Doing less work to compute excellent numbers

When I last looked at excellent numbers, I knew there was more work I could do to optimize what I was doing. In particular, I knew there was some upper limit to the range of numbers I had to check. I didn’t take the time to think about until today. I had a brief foray into other languages, such as my attempt with Julia, as I ran out of time to think about it.

To review, a number is excellent if you can chop its digits in half and the difference between the squares of the back and front halves are the number again. For instance, 48 would be 4 and 8, then 8² – 4² = 64 – 16 = 48.

It’s easy to brute force this but it’s not quick once you get up to 10-digit numbers. I want to work on 22-digit numbers. By that point, I need Perl’s bigint, which slows things down considerably. I had noted earlier that I was getting performance much better than Mark-Jason’s estimate of 1,000 candidates per second, but now his estimate is spot on.

I knew I was checking some numbers which I should already know are not going to be excellent. Consider some number with two halves a and b. I’m going to have to compute b² – a² to get the number back. If I take the maximum possible b² (all 9s), can I figure out the maximum a that will return a number of the right length for that subtraction?
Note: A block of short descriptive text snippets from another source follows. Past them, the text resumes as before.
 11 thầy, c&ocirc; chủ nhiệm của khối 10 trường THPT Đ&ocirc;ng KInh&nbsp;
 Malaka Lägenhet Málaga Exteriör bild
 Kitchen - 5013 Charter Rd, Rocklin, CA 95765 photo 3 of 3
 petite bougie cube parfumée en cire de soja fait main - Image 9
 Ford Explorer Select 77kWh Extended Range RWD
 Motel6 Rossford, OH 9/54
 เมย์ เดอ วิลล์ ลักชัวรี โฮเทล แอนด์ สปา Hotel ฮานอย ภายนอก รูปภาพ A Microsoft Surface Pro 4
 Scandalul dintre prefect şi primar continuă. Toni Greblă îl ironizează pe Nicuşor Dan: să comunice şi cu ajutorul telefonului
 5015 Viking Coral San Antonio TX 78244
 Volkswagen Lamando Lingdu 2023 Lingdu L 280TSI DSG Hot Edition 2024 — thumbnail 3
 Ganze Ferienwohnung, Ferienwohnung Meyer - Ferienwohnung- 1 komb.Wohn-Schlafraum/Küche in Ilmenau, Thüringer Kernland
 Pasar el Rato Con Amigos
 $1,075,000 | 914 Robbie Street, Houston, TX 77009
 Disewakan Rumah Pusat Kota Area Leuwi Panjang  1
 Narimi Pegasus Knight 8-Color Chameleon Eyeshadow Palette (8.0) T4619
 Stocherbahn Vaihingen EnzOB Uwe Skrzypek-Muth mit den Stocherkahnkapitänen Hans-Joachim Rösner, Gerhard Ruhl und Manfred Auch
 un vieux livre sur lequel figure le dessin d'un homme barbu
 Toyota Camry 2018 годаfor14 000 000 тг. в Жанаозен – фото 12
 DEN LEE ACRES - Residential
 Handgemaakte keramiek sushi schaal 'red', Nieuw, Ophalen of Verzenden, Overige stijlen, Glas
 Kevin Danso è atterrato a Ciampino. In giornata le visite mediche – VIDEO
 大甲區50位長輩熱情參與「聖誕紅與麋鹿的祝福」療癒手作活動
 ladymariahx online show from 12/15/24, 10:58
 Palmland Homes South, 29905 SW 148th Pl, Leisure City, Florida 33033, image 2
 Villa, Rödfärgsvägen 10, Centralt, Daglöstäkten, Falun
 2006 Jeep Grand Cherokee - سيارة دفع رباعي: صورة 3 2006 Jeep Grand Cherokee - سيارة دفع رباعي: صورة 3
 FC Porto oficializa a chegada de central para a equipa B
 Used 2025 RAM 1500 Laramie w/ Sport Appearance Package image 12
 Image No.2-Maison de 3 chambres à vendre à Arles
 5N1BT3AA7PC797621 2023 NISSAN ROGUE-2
I also know that b² – b is the same as a*10^k + a², where k in the order of magnitude of half the number (e.g. for 1,000, k is 3). It’s a way to shift over the digits in a to their right places in the big number. Now I need to figure out a for the maximum b. I decided to guess until I found it. I was a bit sloppy, but extra time being not sloppy delays the answer (sometimes optimizing means being ugly):

use v5.22;
use feature qw(signatures);
no warnings qw(experimental::signatures);

sub bisect ( $k, $sub, $threshold=1 ) {
	my $b = '9' x $k;  # the largest b

	# the limits for our bisection. These will close in on the middle
	# as we test the bounds
	my $maximum = $b;
	my $minimum = '1' . ( '0' x ($k-1) );

	# Let's start in the middle of the range
	my $try = int( ( $maximum - $minimum ) / 2 );

	my %Seen;
	while( 1 ) {
		my $result = $sub->( $try, $k );
		#say "Min: $minimum: Max: $maximum Try: $try Result: $result";

		my $last_try = $try;
		$try = do {
			if( abs($result - $b) < $threshold ) {
				#say "last block";
				last ;
				}
			elsif( $result > $b )    { # result is too big, make try smaller
				#say "too big";
				$maximum = $try;
				int( $minimum + ( $try - $minimum ) / 2 );
				}
			elsif( $result < $b ) { # result is too small, make try bigger
				#say "too small";
				$minimum = $try;
				int( ($try + ( $maximum - $try ) / 2) + 1 );
				}
			else { return $try }
			};
		last if int( $last_try ) == int( $try );
		last if $Seen{ $try }++; # stop cycles

		#say "next try $try";
		}

	# cheat a little
	return int( $try + $threshold );
	};

Notice that I create some numbers in that subroutine using string operations.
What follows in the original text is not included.